Also, the known flywheel storage principle [4, pp. 178ff] in combination with an electrical machine has also been developed further. It is used in vehicles as well as in stationary energy devices. It can release within a few seconds the entire energy contents.
New concepts have been developed which use metals such as silicon [5] or aluminum [6] as universal energy carriers. For example, after the manufacture of pure silicon, the energy stored through the manufacturing process can be recovered in various processing steps with the aid of nitrogen and water via intermediates ammonia and hydrogen [5, pages 7ff].
In addition to solar chimney power plants that provide approximately constant power output, the only regenerative form of energy that is available continuously on demand in accordance with the corresponding demand of the consumer is geothermal energy.
Solar chimney power plants require extensive installation areas and will be built presumably only in desert areas far away from densely populated areas. In [12], a combination of a solar chimney power plant in connection with a solar thermal power plant is described. In this connection, the solar chimney power plant is employed for removing lost heat of the solar thermal system that can now be operated with a single water filling of the cooling system continuously. The extracted energy can be transmitted by using high-voltage power lines over land at economically acceptable conditions into the densely populated areas.
In contrast to this, the geothermal energy can be used basically at any desired location. In upper layers, up to approximately 20 m, the solar radiation has an effect on the soil temperature. In some regions of the earth, the first meters can be heated by solar radiation to temperatures of 50° C. or, conversely, can be cooled in winter to the freezing point and below. Accordingly, a temperature course results that depends only on the season. The solar thermal energy that is stored within the soil can be utilized, for example, by using horizontal geothermal collectors in connection with heat pumps for heating buildings. This energy is referred to generally as near-surface geothermal energy.
The combination of solar collectors on the roof with devices for utilizing near-surface geothermal energy by geothermal collectors or geothermal probes and heat pumps is known. It is even possible to store the heat energy collected in summer by means of solar collectors with the aid of heat exchangers within the soil at minimal depth and to use a portion of this energy again for heating starting in fall [7, pages 89ff]. Generating electricity is not provided for in these concepts.
Underground water currents, aquifers that conduct warm water or hot water, and soils that are heated by volcanic activity are used directly for heating and for producing electricity. The geological and technical principles are described in detail in [7] and [8].
Aside from the near-surface geothermal energy there is also heat energy in the deep underground. It originates according to [7, pages 9ff] from three different sources:                It is stored energy that originates from the gravitational energy that was released during formation of the earth.        It is a residue from the primary heat present before the formation of the earth.        It is generated by the decomposition of radioactive isotopes in the earth's crust. This heat is stored in the earth as a result of the minimal heat conductivity of rock.        

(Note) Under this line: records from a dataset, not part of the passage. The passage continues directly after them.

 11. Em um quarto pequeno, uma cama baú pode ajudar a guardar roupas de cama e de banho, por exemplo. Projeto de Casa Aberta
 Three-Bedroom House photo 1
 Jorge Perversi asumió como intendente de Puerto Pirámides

The heat flow that results therefrom is given at 63 mW/m2 [7, page 40]. This energy flow is referred to as deep geothermal energy. For an initial coarse estimation of the temperature increase in the deep underground of the continental crust 30° K. per km can be assumed [7, page 34]. This heat reservoir is available at any location on earth.
The method for using the heat of the deep underground will be described in the following. In the hot dry rock method (HDR) the cracks that occur naturally within the rock are used for forming a heat exchanger.

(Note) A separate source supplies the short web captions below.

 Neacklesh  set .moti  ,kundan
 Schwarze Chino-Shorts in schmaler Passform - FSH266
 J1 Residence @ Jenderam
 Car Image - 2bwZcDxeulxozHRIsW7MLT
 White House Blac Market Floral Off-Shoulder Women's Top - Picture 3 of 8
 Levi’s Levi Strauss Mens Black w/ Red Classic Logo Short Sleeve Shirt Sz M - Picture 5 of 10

First, two boreholes at a spacing of a few hundred meters are driven in up to depths of 7000 m. Here a temperature of approximately 210° C. is present provided that no effects of volcanic activity exist that would further increase the temperature. Water is forced into one of the boreholes under high pressure. The water penetrates into the cracks that are naturally present in the rock. Because of the high pressure, the cracks are widened. The forces present within the rock can now cause a very minimal displacement of individual rock layers. When the pressure of the water is reduced again, the rocks remain in the new position and therefore provide permanent new widened cracks. The process of forced water penetration is repeated several times and in the end performed until the water will exit again from the second borehole with the aid of several pumps. Depending on the flow rate and the borehole depth the water has a temperature corresponding to that of the deep underground.
By a system of microphones, the size and the spatial expansion of the crack surfaces acting as a heat exchanger can be determined based on the breaking noises within the rock. Drilling can be performed up to a depth of 10 km. In this connection, it is even possible to guide the bore head horizontally in the deep underground after having reached a depth of several thousand meters [8, page 79]. Individual areas can be drilled in a targeted fashion in this way.
The technical knowledge for exploring the heat energy in deep underground has been developed considerably also due to the investigation and exploration of natural gas and oil deposits [7, page 208]. In Europe, an HDR system as a research facility is operated at the moment in Soultz-sous-Forets.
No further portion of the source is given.